Kallenius, who took over Daimler’s top job in May 2019, has warned the maker of Mercedes-Benz cars and its peers will be forced to make deeper cutbacks to overcome the economic fallout from the pandemic. While Daimler, Volkswagen AG and BMW AG brace for second-quarter losses after the virus shuttered factories and showrooms, electric-car leader Tesla Inc. shrugged off the slump to become the world’s most valuable automaker this month.

‘Boring’ EQC

Daimler shares have declined 24% this year, giving the Stuttgart-based manufacturer a market capitalization of about 40 billion euros ($45 billion), less than a fifth of Tesla’s valuation.

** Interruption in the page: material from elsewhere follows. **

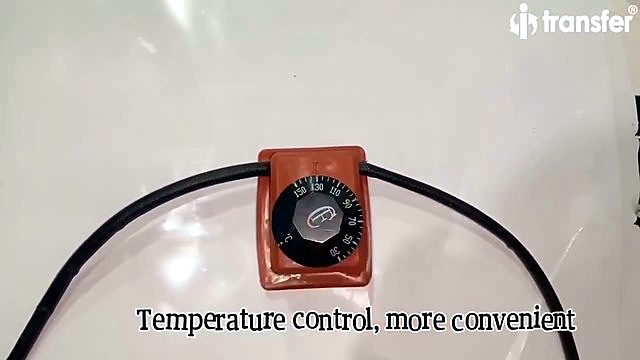 Analog temperature dial near 150°C (SKU ask)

Tesla sells about ten times as many electric cars as Daimler, and the German company’s Mercedes-Benz EQC model, released last year, is “too late, too expensive and too boring," Speich said.

Also Read : Daimler seeks to sell French car plant in cost-cutting drive

A worker wears a protective face mask and shield on the assembly line inside the Mercedes-Benz AG automobile plant, operated by Daimler AG, in Kecskemet, Hungary. (Bloomberg)
A worker wears a protective face mask and shield on the assembly line inside the Mercedes-Benz AG automobile plant, operated by Daimler AG, in Kecskemet, Hungary. (Bloomberg)

Deka holds about 5.4 million Daimler shares, a roughly 0.5% stake, according to Bloomberg data. Daimler’s largest investor is Chinese billionaire Li Shufu with a 9.7% holding, followed by the emirate of Kuwait with 6.8% and the automaker’s joint-venture partner in China, BAIC Motor Group, at 5%.

CEO’s Overhaul

Daimler completed a corporate overhaul last year to give its cars, trucks and mobility-services operations more independence, but management has yet to explain how they intend to earn back the related expenses. Investors have been urging Daimler for years to consider a separate listing of the trucks division, but those calls haven’t resonated within the executive ranks yet.

Daimler’s latest restructuring plan, which Kallenius unveiled in November, foresees cutting the company’s workforce by more than 10,000 to save 1.4 billion euros in personnel spending by 2022.

Another 10,000 jobs could be axed through 2025, trade magazine Automobilwoche reported last month, citing unidentified company sources. Daimler, which had about 299,000 employees at the end of last year, called the report speculation.